The main aim of Chytritect is to reduce the tedious amount of time and work it takes to diagnose amphibians with Chytridiomycosis in the field. Here we prove our ability to achieve this goal.
To obtain samples for tests, E.coli cells were inoculated with the target DNA of Bsal and placed in an incubator for 18-24 hours. Extraction of DNA from samples was then performed using the QIAprep Miniprep Kit protocol to obtain the pure DNA sample.
The extraction of the DNA component of Chytritect makes use of a microfluidic chip which uses surface chemistry to extract the DNA. Chytritect was able to successfully extract DNA with about 85% efficiency within a time of about 30 minutes.
For detection of Bsal, PCR was performed to amplify the target DNA. CRISPR/cas12a complex was pipetted into amplified DNA and the sample was checked every 5minutes for 40mins under UV light. CRISPR/cas12a was able to successfully detect the presence of Bsal as shown in the image below.
Figure 1: Detection results with CRISPR/cas12a- Sample with Bsal on the left and control on the right
To confirm that CRISPR/cas12a was detecting the correct target DNA, Gel electrophoresis was performed on the amplified DNA samples. As shown by the image below, Gel electrophoresis confirmed that the sample being detected by CRISPR/cas12a was indeed the Bsal target DNA.
Figure 2: Gel electrophoresis on target DNA sample.
The detection component of Chytritect uses a concentrator chip that causes the sample to concentrate at its center, allowing Chytritect to bypass the PCR step and thereby reducing largely the entire required for diagnoses.
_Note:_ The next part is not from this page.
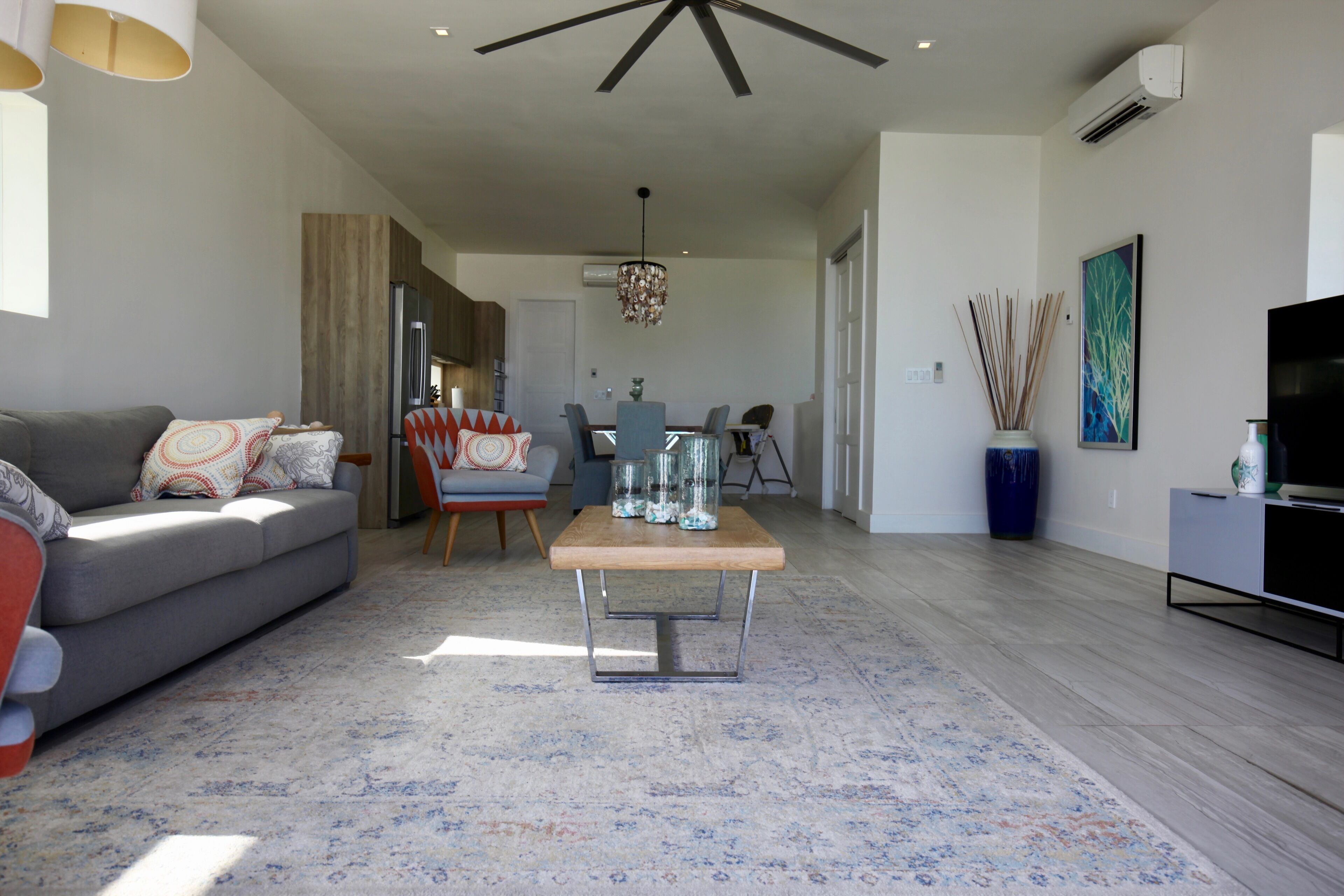 Una sala de estar moderna con un sofá gris, una mesa de centro de madera y un comedor con sillas y una araña.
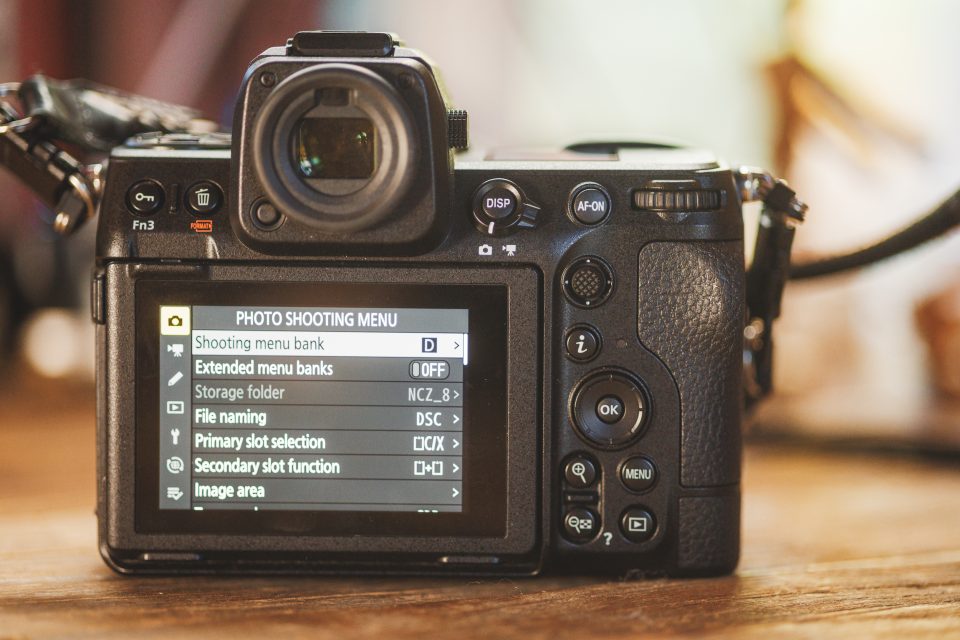 A digital camera rests on a wooden surface, with the photo shooting menu and Auto Draft options prominently displayed on its screen.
With the sample centered at the center of the concentrator chip, CRISPR/cas12a complex is then added to the sample to detect the presence of Bsal. Our results show rapid detection on the concentrator chip within 4 minutes.
To determine the limiting number of DNA copies per microlitre at which Bsal can be detected in the lab, the experiments were performed on samples with different copy numbers ranging from 10^10 copies/µl to 1 copy/µl. The result showed that the limit of detection was at 10^3 DNA copies per microlitre(see Figure 3).
Figure 3: Results showing the limit of detection at 10^3 copies per microlitre.
As summarized in the results page, we found the limit of detection of the concentrator chip module to be as low as 1 copy per microlitre. This represents a highly sensitive device which can differentiate between a low fungal load and a negative sample.
To find out the concentration of starting DNA in a swab we performed the following experiment.
This showed us that the initial DNA concentration before passing it through the chip will have an average of 520 ng/ul. Using results from our efficiency tests and our limit of detection tests, we can conclude that the initial concentration is sufficient for downstream detection of Bd/Bsal.